*TASK PROMPT*
Take the line with "Neue Strasse 38, Gampel, Valais 3945" and every line after it in the data. Transcribe them exactly, through the last.
#####
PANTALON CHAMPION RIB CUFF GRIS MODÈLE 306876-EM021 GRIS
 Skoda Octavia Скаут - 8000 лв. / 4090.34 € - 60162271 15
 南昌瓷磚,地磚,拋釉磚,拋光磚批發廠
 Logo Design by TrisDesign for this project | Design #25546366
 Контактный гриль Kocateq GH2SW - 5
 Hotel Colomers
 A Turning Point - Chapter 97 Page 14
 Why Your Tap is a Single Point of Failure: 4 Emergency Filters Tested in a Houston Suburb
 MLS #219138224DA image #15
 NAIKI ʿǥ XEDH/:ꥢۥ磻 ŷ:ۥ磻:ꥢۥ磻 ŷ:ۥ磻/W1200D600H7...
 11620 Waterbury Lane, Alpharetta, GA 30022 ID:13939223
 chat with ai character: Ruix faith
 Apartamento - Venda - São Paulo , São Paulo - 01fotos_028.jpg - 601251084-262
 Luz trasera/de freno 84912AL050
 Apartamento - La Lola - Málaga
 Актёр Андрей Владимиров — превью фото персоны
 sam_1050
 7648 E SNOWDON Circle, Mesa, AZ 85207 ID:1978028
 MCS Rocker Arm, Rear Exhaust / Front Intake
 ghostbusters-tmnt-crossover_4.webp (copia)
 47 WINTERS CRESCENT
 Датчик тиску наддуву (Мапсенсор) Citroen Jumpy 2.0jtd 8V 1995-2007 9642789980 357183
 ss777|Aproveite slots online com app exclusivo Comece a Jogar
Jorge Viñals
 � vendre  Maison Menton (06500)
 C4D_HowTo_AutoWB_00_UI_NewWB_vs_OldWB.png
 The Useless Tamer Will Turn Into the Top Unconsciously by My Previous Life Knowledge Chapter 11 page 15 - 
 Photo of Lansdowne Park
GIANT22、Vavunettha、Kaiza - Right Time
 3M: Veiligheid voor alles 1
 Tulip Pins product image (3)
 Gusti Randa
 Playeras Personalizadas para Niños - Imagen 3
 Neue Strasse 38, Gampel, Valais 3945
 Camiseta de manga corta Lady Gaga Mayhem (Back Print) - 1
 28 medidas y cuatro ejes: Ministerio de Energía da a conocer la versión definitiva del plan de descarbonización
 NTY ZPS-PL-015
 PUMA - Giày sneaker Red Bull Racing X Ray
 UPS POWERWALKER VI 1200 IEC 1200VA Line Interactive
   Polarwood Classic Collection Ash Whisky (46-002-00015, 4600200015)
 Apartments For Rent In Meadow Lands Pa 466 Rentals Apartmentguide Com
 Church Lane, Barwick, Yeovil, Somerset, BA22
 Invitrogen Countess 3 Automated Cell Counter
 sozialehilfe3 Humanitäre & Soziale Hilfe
#####
*SOLUTION*
 Neue Strasse 38, Gampel, Valais 3945
 Camiseta de manga corta Lady Gaga Mayhem (Back Print) - 1
 28 medidas y cuatro ejes: Ministerio de Energía da a conocer la versión definitiva del plan de descarbonización
 NTY ZPS-PL-015
 PUMA - Giày sneaker Red Bull Racing X Ray
 UPS POWERWALKER VI 1200 IEC 1200VA Line Interactive
   Polarwood Classic Collection Ash Whisky (46-002-00015, 4600200015)
 Apartments For Rent In Meadow Lands Pa 466 Rentals Apartmentguide Com
 Church Lane, Barwick, Yeovil, Somerset, BA22
 Invitrogen Countess 3 Automated Cell Counter
 sozialehilfe3 Humanitäre & Soziale Hilfe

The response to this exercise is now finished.